Katja Keul : « Il n’y a pas d’avenir sans mémoire »

Ministre adjointe aux Affaires étrangères de la République fédérale d’Allemagne, elle s’exprime sur le passé colonial allemand, marqué par des atrocités perpétrées dans certains pays africains ; et met en perspective le nouveau livre qui s’écrit entre son pays et ces territoires d’Afrique.


Par Alain Ndanga, de retour de Berlin


 

Du 3 au 9 novembre de cette année, la République fédérale d’Allemagne à travers votre département ministériel a invité des experts africains pour des échanges au sujet des questions mémorielles. Pourquoi c’est important pour l’Allemagne de s’ouvrir et de démocratiser la question de son passé colonial en Afrique ?

L’Allemagne assume sa responsabilité historique et fait un travail sur son passé colonial, avec la société civile et la communauté scientifique, y compris celles issues des sociétés concernées. Nous avons inscrit cet objectif dans l’accord de coalition du gouvernement fédéral en 2021. Mais ceci n’est pas seulement une obligation morale. Il est dans notre propre intérêt de coopérer avec les États, les sociétés et la diaspora issus des anciennes colonies allemandes : pour jeter ensemble un regard sur le passé et constituer la base d’une coopération approfondie et plus durable à l’avenir. Nous saluons expressément le débat public au sein de la société civile allemande sur les nombreux crimes qui ont été commis pendant l’époque coloniale allemande et sur leurs répercussions qui pèsent encore aujourd’hui.
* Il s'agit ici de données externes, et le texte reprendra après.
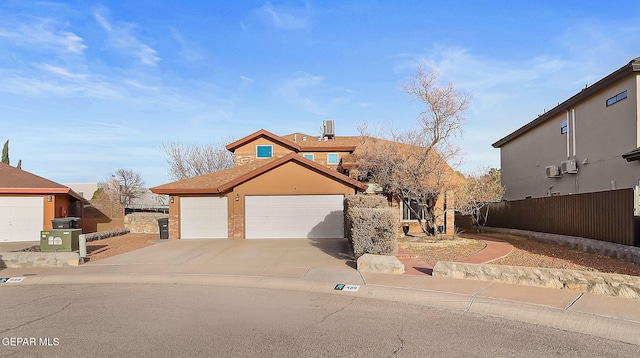 view of front facade with central AC, fence, and concrete driveway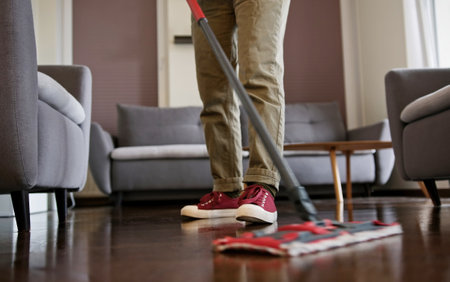 Woman Cleaner Mopping Living Room Floorの写真素材
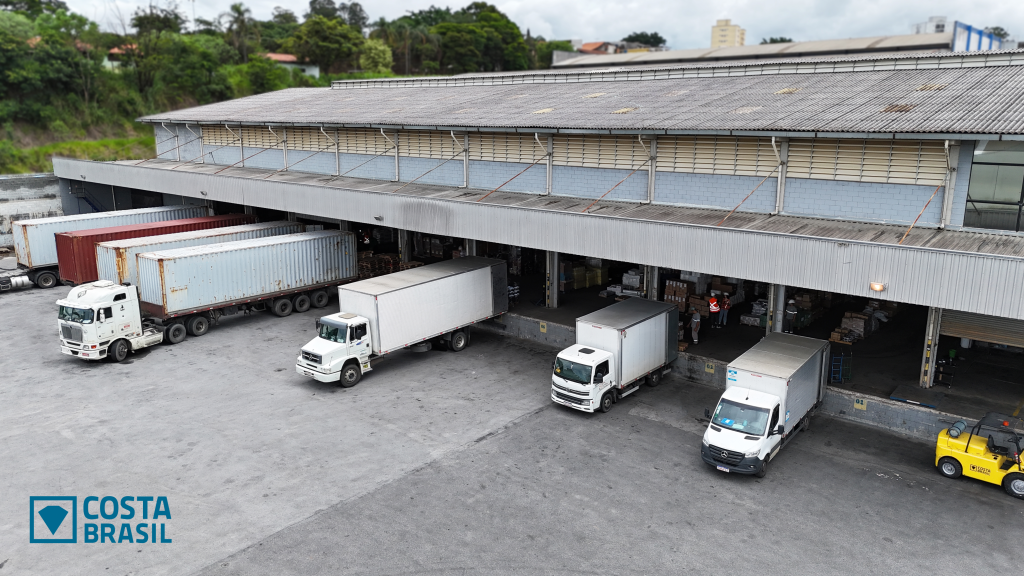 Agentes logísticos movimentando mercadorias em terminal de carga próximo ao Aeroporto, representando as vagas de emprego em Guarulhos na Costa Brasil.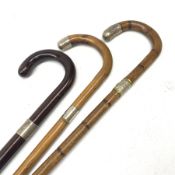 Three silver mounted walking canes, the first hallmarked Kendall & Sons Ltd, London, date letter wor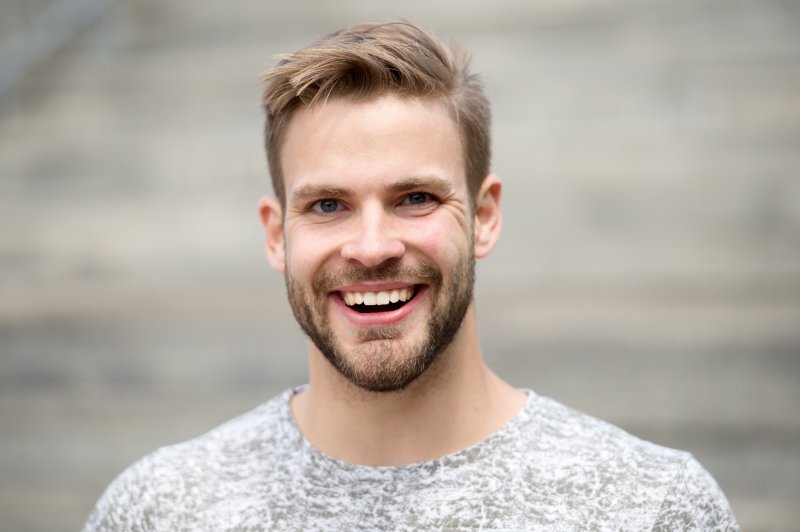 man smiling after cosmetic dentistry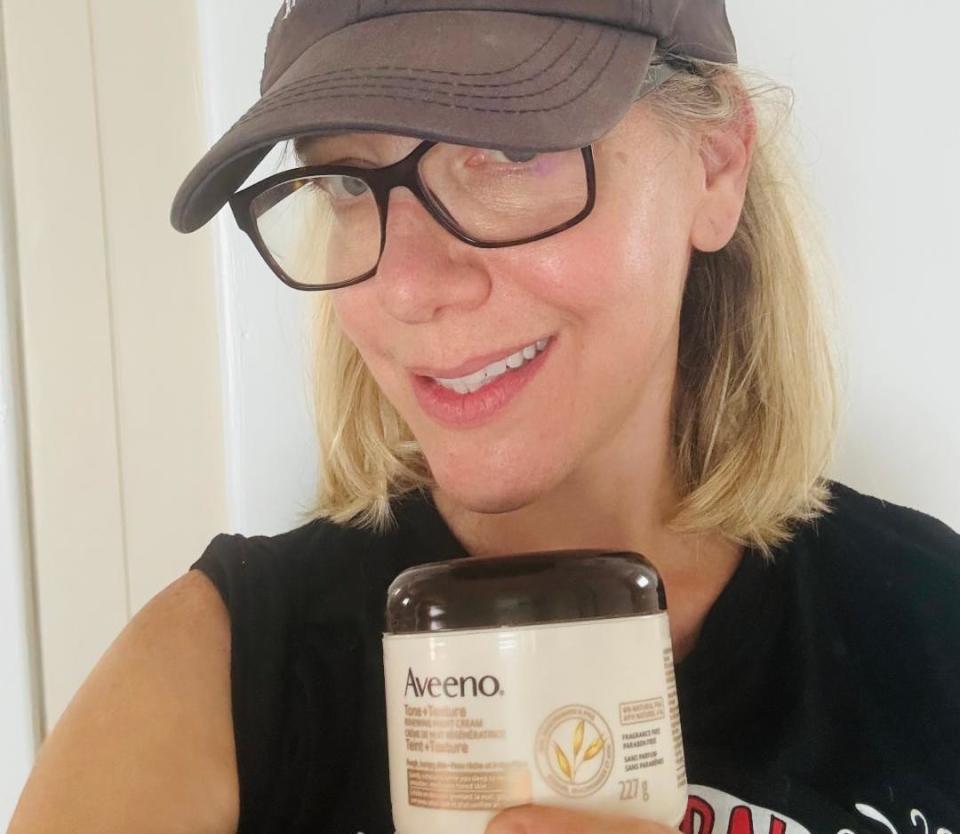 blonde woman wearing hat holding aveeno skin cream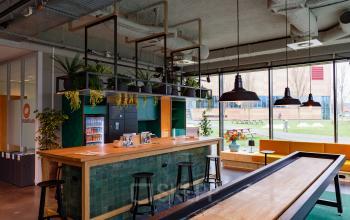 Modern office space at Science Park 301, Amsterdam East featuring a stylish furnished interior with a wooden bar, green tiles, and seating area perfect for office space rental. Large windows offer natural light.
Les musées et les programmes scolaires, par exemple, accordent également une plus grande importance à ce sujet – c’est d’ailleurs aussi le cas de la formation des diplomates allemands –, et les villes et les communes remettent en question de manière critique les noms de rues et de places liées au passé colonial et renomment progressivement ces dernières.

Ce passé colonial qui résonne encore jusqu’aujourd’hui a été marqué par des atrocités perpétrées dans certains pays africains. Comment vous vous organisez pour d’abord faire oublier ces atrocités ?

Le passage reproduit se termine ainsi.